** What to do **
Extract, exactly as written, each line from the start of the records below to the line containing "Persona con Pixel", both ends included; drop the pictures.

** Captioned web image data **

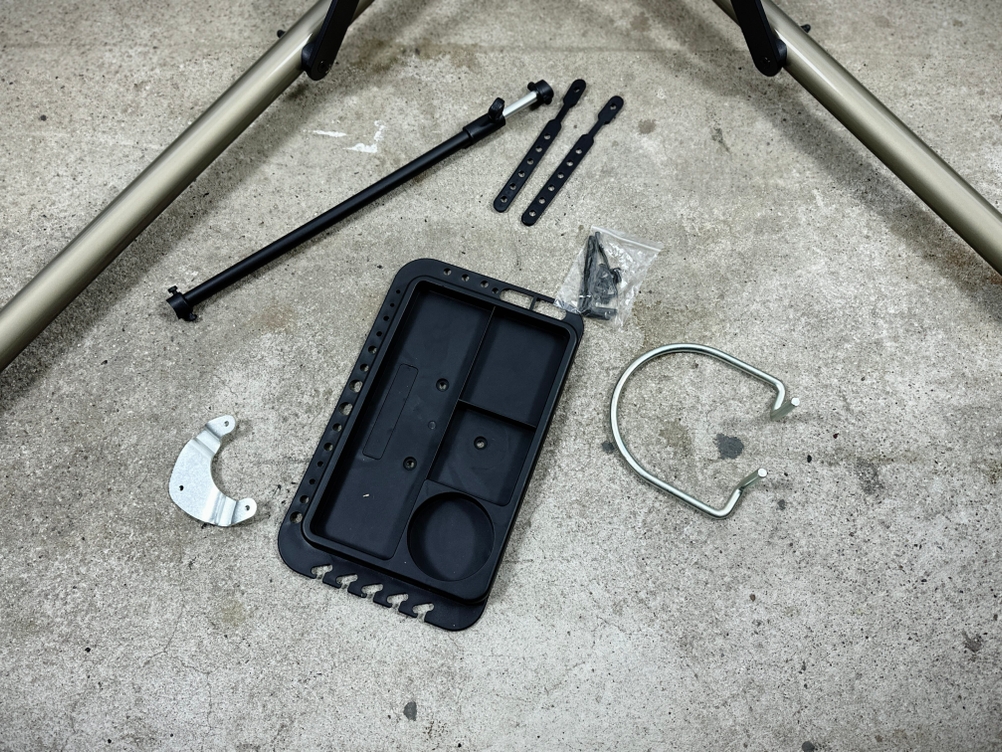 Der komplette Lieferumfang des Cxwxc Fahrrad-Montageständers auf dem Boden ausgebreitet, inklusive Werkzeugablage und Zubehör.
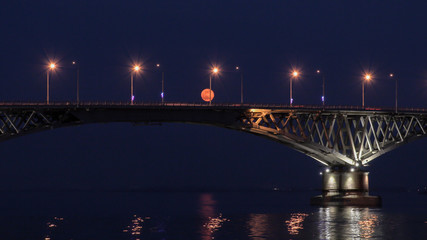 Fototapeta na wymiar Full moon rises over the bridge. Road bridge between the cities of Saratov and Engels, Russia. The Volga River. The evening lights of cars and street lights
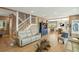 Bright and airy living room with wood paneling, hardwood floors and ample natural light at 3104 Upda Creek, Seabrook Island, SC 29455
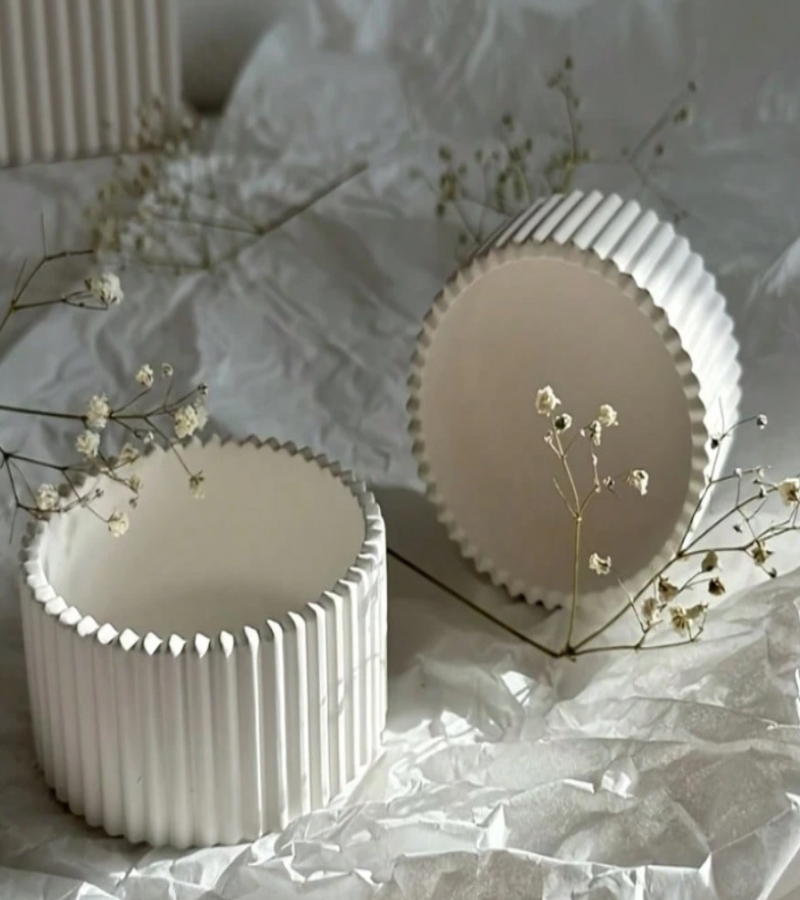 Two white ribbed ceramic storage or candle holders with scalloped rims, styled on crumpled white paper with small white flowers.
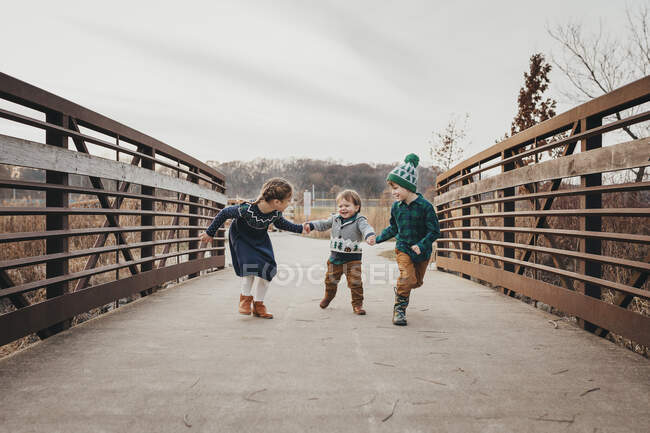 Tre fratelli che ridono tenendosi per mano correndo sul ponte — Foto stock
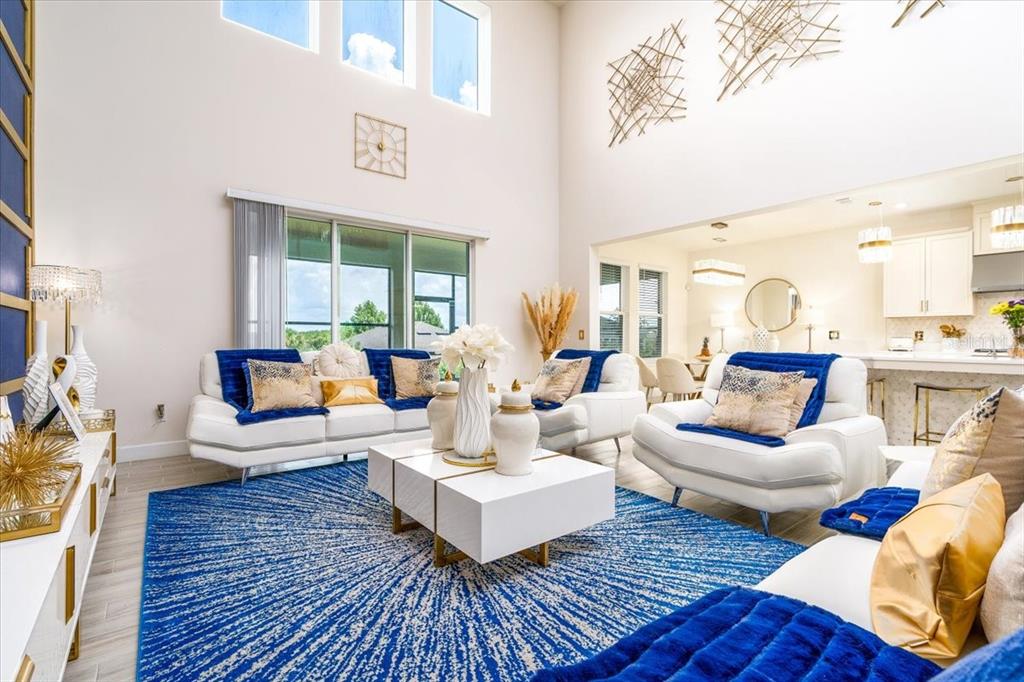 1296 Waterview Ridge Circle Apopka, FL 32703 - Photo 21 of 60 a living room with furniture and a large window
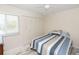 Inviting bedroom with a closet, window, and cozy decor at 18970 Mcgrath Cir, Port Charlotte, FL 33948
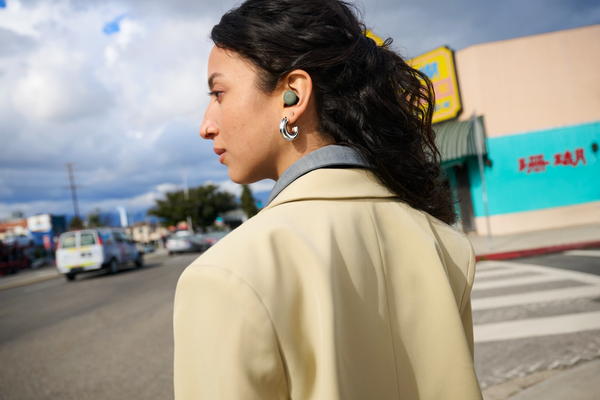 Persona con Pixel Buds Pro 2 color oliva durante una passeggiata urbana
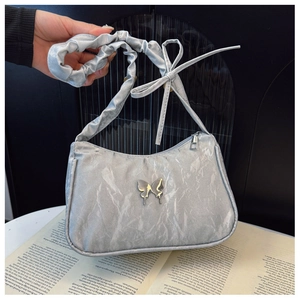 Detail of silver pleated shoulder bag with metallic butterfly and satin marble texture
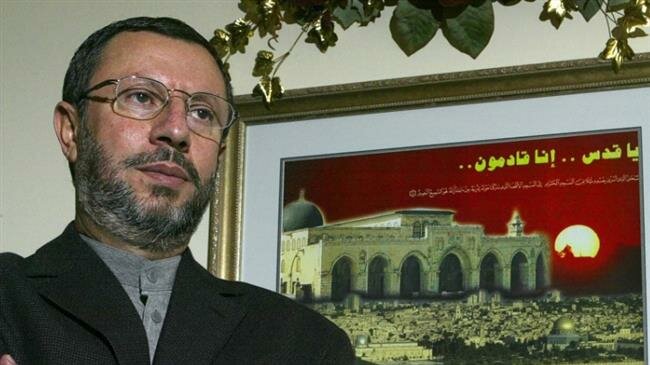 This file picture shows a former Palestinian university professor and presidential candidate Abdelhalim al-Ashqar standing by a framed painting of Jerusalem al-Quds, in his home in Virginia, the United States. (Photo by Getty Images)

** Output of the exercise **
 Der komplette Lieferumfang des Cxwxc Fahrrad-Montageständers auf dem Boden ausgebreitet, inklusive Werkzeugablage und Zubehör.
 Fototapeta na wymiar Full moon rises over the bridge. Road bridge between the cities of Saratov and Engels, Russia. The Volga River. The evening lights of cars and street lights
 Bright and airy living room with wood paneling, hardwood floors and ample natural light at 3104 Upda Creek, Seabrook Island, SC 29455
 Two white ribbed ceramic storage or candle holders with scalloped rims, styled on crumpled white paper with small white flowers.
 Tre fratelli che ridono tenendosi per mano correndo sul ponte — Foto stock
 1296 Waterview Ridge Circle Apopka, FL 32703 - Photo 21 of 60 a living room with furniture and a large window
 Inviting bedroom with a closet, window, and cozy decor at 18970 Mcgrath Cir, Port Charlotte, FL 33948
 Persona con Pixel Buds Pro 2 color oliva durante una passeggiata urbana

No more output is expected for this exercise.